%%
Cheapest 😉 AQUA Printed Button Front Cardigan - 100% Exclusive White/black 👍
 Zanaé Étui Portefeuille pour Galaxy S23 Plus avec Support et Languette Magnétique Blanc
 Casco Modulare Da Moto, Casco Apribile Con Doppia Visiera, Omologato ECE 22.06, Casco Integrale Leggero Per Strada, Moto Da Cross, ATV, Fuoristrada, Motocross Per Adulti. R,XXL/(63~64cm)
%%
_TASK REQUIREMENTS_. Would you transcribe, exactly, the lines running from the one that contains "Zanaé Étui Portefeuille" through the final line of the listing above? Include both ends and nothing else.

_ANSWER SPACE_.
 Zanaé Étui Portefeuille pour Galaxy S23 Plus avec Support et Languette Magnétique Blanc
 Casco Modulare Da Moto, Casco Apribile Con Doppia Visiera, Omologato ECE 22.06, Casco Integrale Leggero Per Strada, Moto Da Cross, ATV, Fuoristrada, Motocross Per Adulti. R,XXL/(63~64cm)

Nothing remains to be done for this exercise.